An executive with accounting firm CBIZ played a substantial role in the new tax structure. Jerome Gienger, an accounting, tax and advisory services director for the company, was the one to convince officials with the Colorado Department of Revenue to revise the books.

Until now, if a partnership invested in an enterprise zone, all the partners were only allowed to divide a single $50,000 or $100,000 tax credit between them.Gienger, however, thought each partner should be eligible for up to a $50,000 or $100,000 tax credit. A tax credit is a dollar-for-dollar write-off, and therefore more valuable.

"One of my clients was involved in an enterprise zone development project," Gienger says. "Their investment qualified them for close to $1 million in credit. Under the old way of computing the credit, the partners would have divided a $50,000 credit among themselves. Under the new computation, they each qualify for up to $50,000 in tax credit, depending on their level of ownership. Now, a 10% partner gets a $50,000 credit instead of a $5,000 credit, and a smaller partner gets a $15,000 tax credit instead of a $1,000 credit."

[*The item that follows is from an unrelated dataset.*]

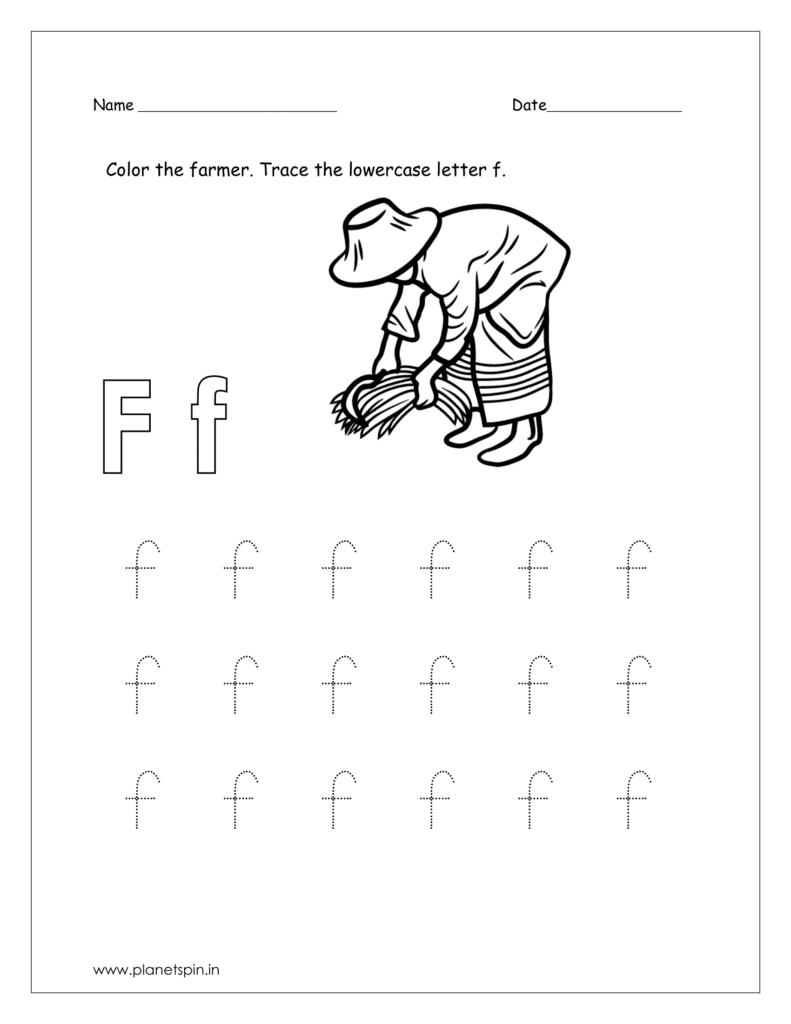 Color the farmer and trace the letter.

Gienger worked with the Colorado Enterprise Zone, Jefferson County Enterprise Zone, and Colorado Department of Revenue to implement the changes. Gienger believes that the change in how tax credits are applied may entice investors to develop property in enterprise zones.

"When potential investors see the additional tax credits that are now available, it may pique their interest in investing in enterprise zones area where they might not have considered them in the past," Gienger says. "I think it will open investors' eyes to the possibilities of credits they could receive from an investment standpoint. When you look at rates of return, it's an additional positive."